In concrete terms, transaural listening reproduces multichannel listening in a specific room with two speakers, using the transfer function of the room.
This is achieved with cross-talk cancelling. Traditionnally, when listening with speakers, the left signal goes to the left ear and a little bit to the right ear and conversely. In transaural, we filter left and right signals to properly separate the signals. After obtaining the cross-talk cancellation function, it only remains to put binaural signals in input and the signal at the ears will be spatialized.
In transaural, the main problem is the unique nature of the transfer functions of the rooms.
Possible Future Evolutions
Without mating wild guesses, we already can think about believable audio innovations to revolutionise the current situation.
Recognition enhancements: Firstly, recognition of spectral indices and rooms. It would put aside the uniqueness of:
- each BRIR;
- rooms in which transaural content would be listened to.
For the BRIR, two ways seem to emerge:
*Using different morphotypes to categorize most of the population.
About ten morphotypes appear to be enough; the user would be asked to describe their face and the software would build a specific IR adapted to them.
- Using pictures to create a 3D map of the subject’s face and design their BRIR. Thirdlove company has already launched a mobile application for women to find their real bra size with only two pictures. With maybe, let’s say, five pictures of our face, it would be possible to get an accurate 3D map.
Google is currently developping a technology called Tango: it makes it possible to create a 3D map of our environment from our smartphone or tablet. Combined to the accelerometer and gyroscope which have already been present for a couple of years, we could get a tablet which adapts the sound output according to the position in space to create a transaural result. Of course, there would be other problems in this case like lack of acoustical power and informations about room materials.
Access enhancements: We could think about a cloud platform like Dropbox containing our personal BRIR. When taking the tablet of a friend, we would just have to log into our account and access our BRIR to listen to multichannel content on their device.
In terms of production and broadcast, it would be possible to send the user an MPEG Surround stream which would be decoded into binaural content if headphones are plugged in, into transaural content if using the speakers of a mobile device, or into classical multichannel content matching the actual configuration of the user, i.e. 7.1 to 5.1.
Algorithm enhancements: Finally, I wrote before that the impulse response of a LTI system makes it possible to oversee the output of this system knowing the input. But our listening process can not really be assimilated to a linear system.
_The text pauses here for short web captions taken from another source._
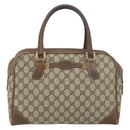 GUCCI GG Supreme Boston Bag PVC Beige Gold Auth 156838-3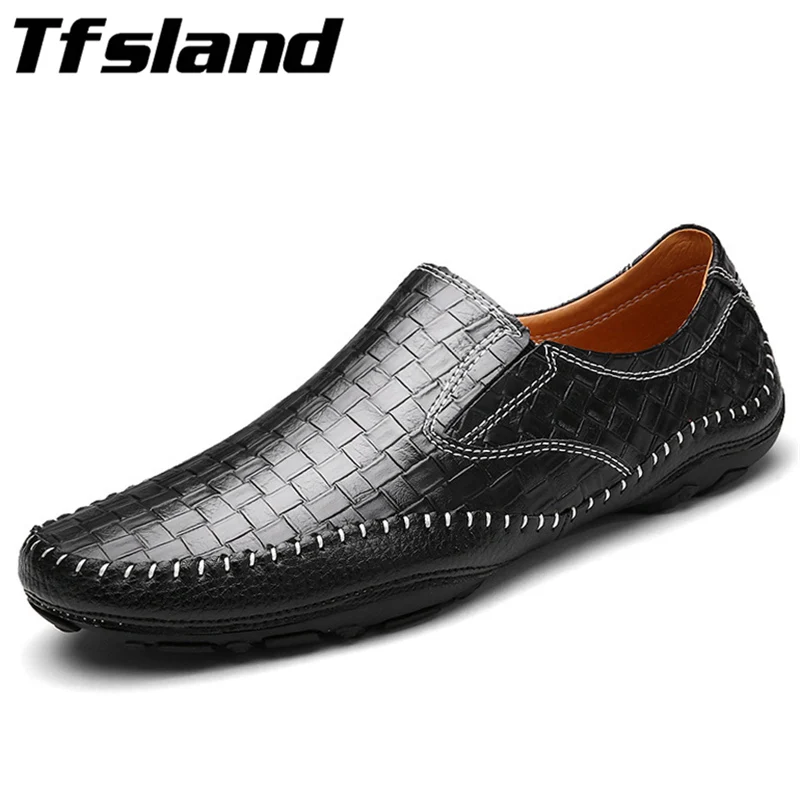

New Male Leather Flats Loafers Breathable Slip on Driving Shoes Sneakers Men Soft Dress Shoes Lazy Walking Shoes Zapatos Hombre
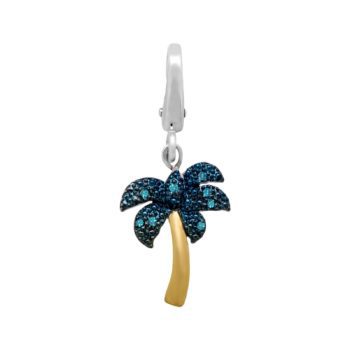 Palm Tree Charm with Blue Diamonds in Sterling Silver & 14K Gold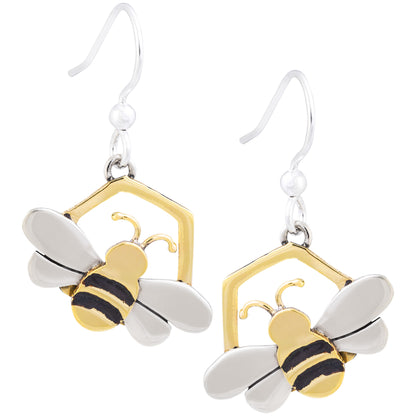 Bee-shaped earrings with brass and silver hexagonal frames on a white background.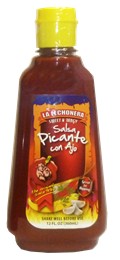 La lechonera hot sauce with garlic.  12 oz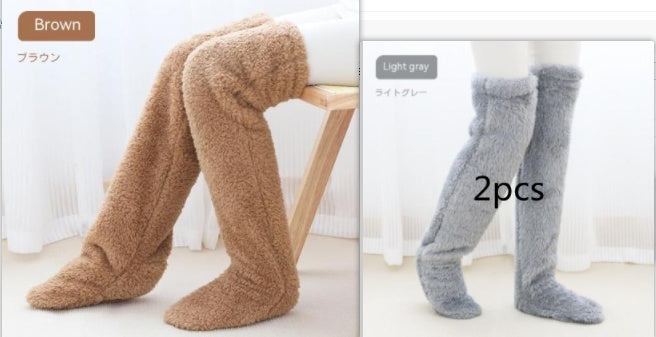 Over Knee High Fuzzy Long Socks Winter Warm Cold Leg Knee Joint Cold-proof Stockings Home Floor Sleeping Socks - Mubimart -  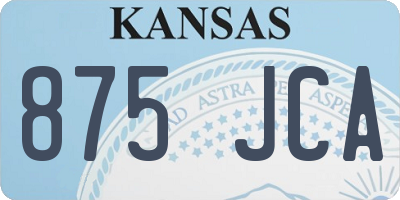 KS license plate 875JCA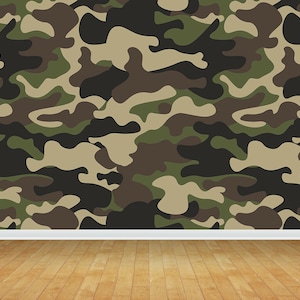 Green Army Camouflage Military Type Wallpaper Mural Bedroom Playroom Games Room Wall Backdrop Decor Scene Setter Easy Installation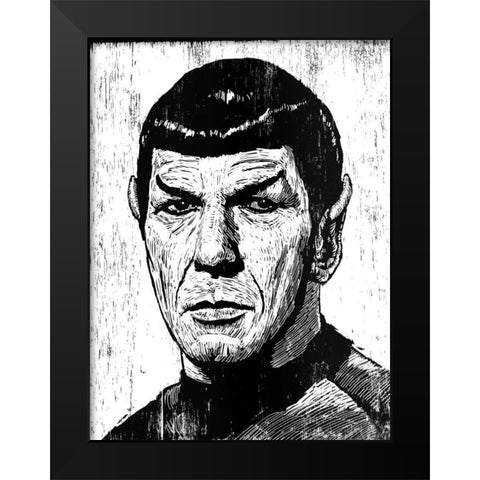Spock Black Modern Wood Framed Art Print by Shigley, Neil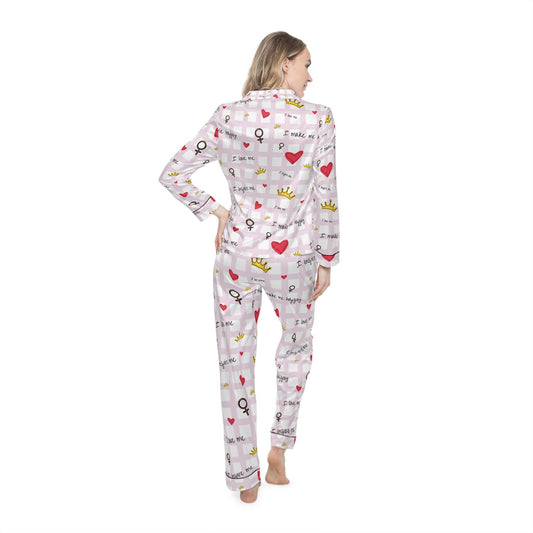 Cozy Hearts & Crowns Satin Pajamas - Women's Sleepwear Set, Cute Printed PJ's, Gift for Her, Lounge Wear, Nightwear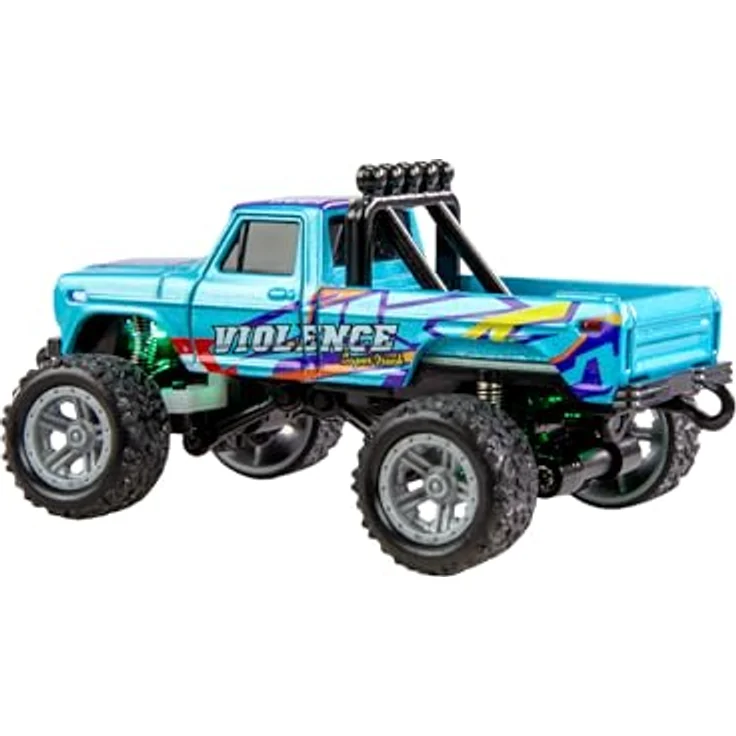 Amewi RC-Monstertruck Die Cast 1:64 RTR, blau, mit 3 Geschwindigkeitsstufen, kinderfreundlicher Tempomat-Funktion und LED-Beleuchtung – Bild 4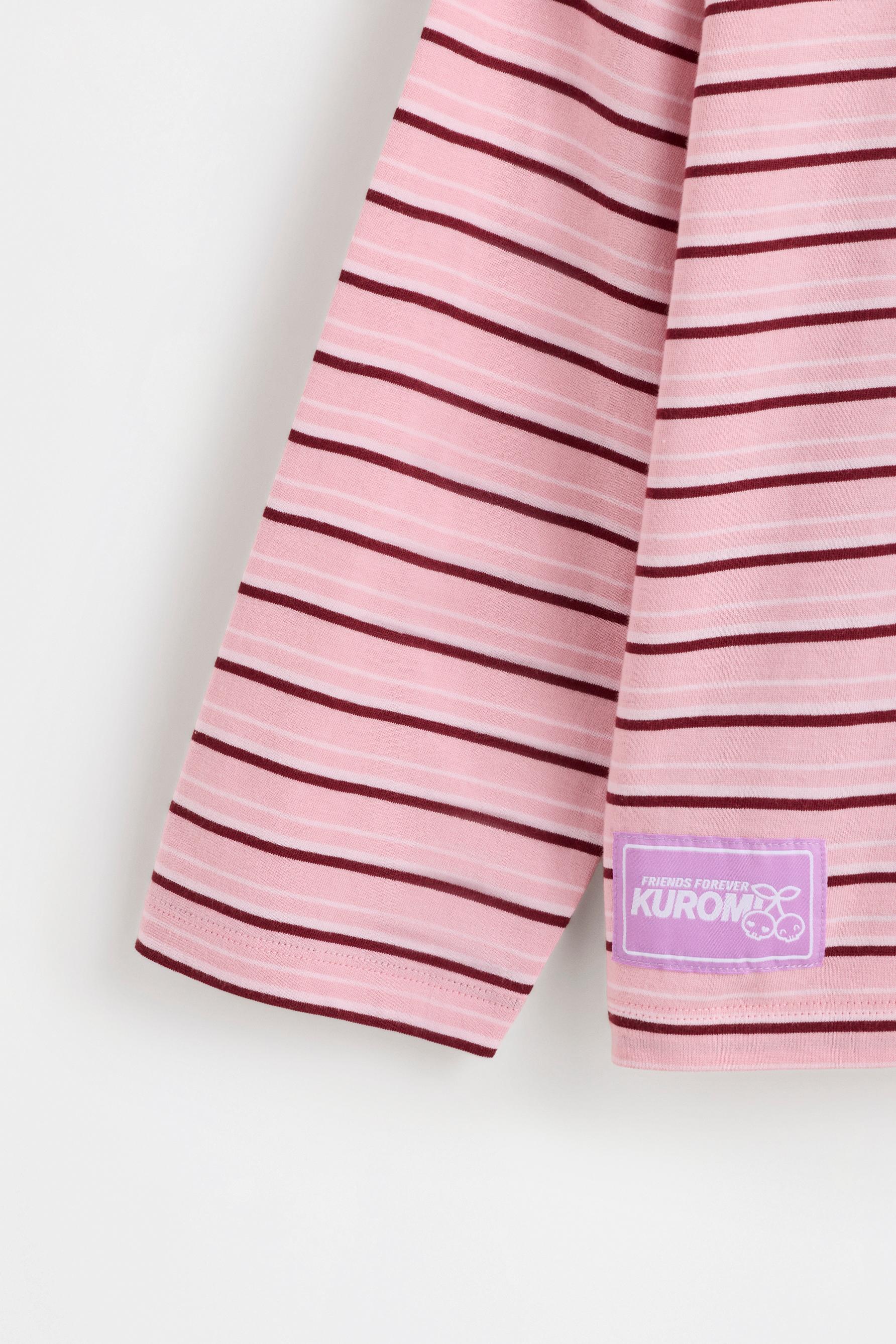 Kuromi ©SANRIO striped T-shirt — PINK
So we can also imagine an enhancement of the binaural/transaural transcoding in this way: non-linear convolution and Volterra series could be the basis of this tweak. These operations will not be seen in this paper but I invite the reader to find out more about them.
Conclusion
Technology allows us to achieve more and more complex processes and we have to take advantage of that. Now that our computers are able to process real-time convolutions, there just remains the issue of personalized BRIR and rooms.
For the first, it would be possible to create enough categories to fit the vast majority of users or to determine each BRIR via 3D modelisation based on pictures of our face.
For the second, we have to use waves to recreate the architecture of the room and use motion sensors and near field information to know the exact place of the user.
Although both binaural and transaural listening seem far from us, I think the two methods are a future logical implementation. Binaural personalisation does not seem too hard to create whereas the transaural modelisation of a room would take more years to develop.